Segment Start: AVAILABLE DATA

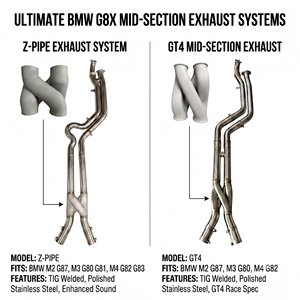 Sistema de escape intermedio Vortex Performance Z Pipe y GT4 para BMW M3 G80 M4 G82 G83 M2 G87 con motor S58, sonido de carreras de longitud igualada, mejora de rendimiento. - Product Image 1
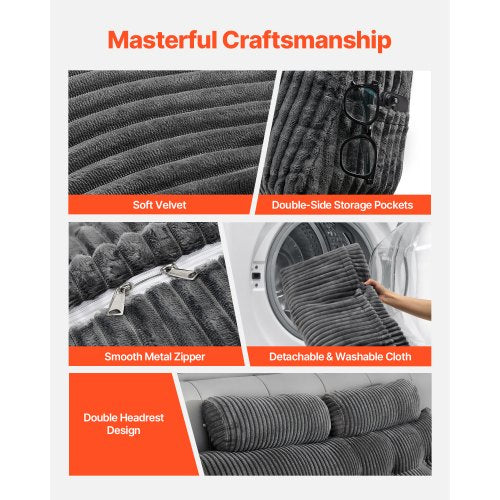 Huvudgavelkudde Queen Wedge Huvudgavelkudde med 2 fickor och nackstöd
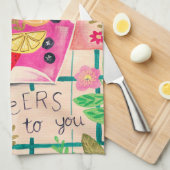 サマーサングリア誕生日応援 キッチンタオル (四つ折り)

Segment End: AVAILABLE DATA

TASK REQUIREMENTS:
Print all data above verbatim, except pictures.

ANSWER TO THE EXERCISE:
 Sistema de escape intermedio Vortex Performance Z Pipe y GT4 para BMW M3 G80 M4 G82 G83 M2 G87 con motor S58, sonido de carreras de longitud igualada, mejora de rendimiento. - Product Image 1
 Huvudgavelkudde Queen Wedge Huvudgavelkudde med 2 fickor och nackstöd
 サマーサングリア誕生日応援 キッチンタオル (四つ折り)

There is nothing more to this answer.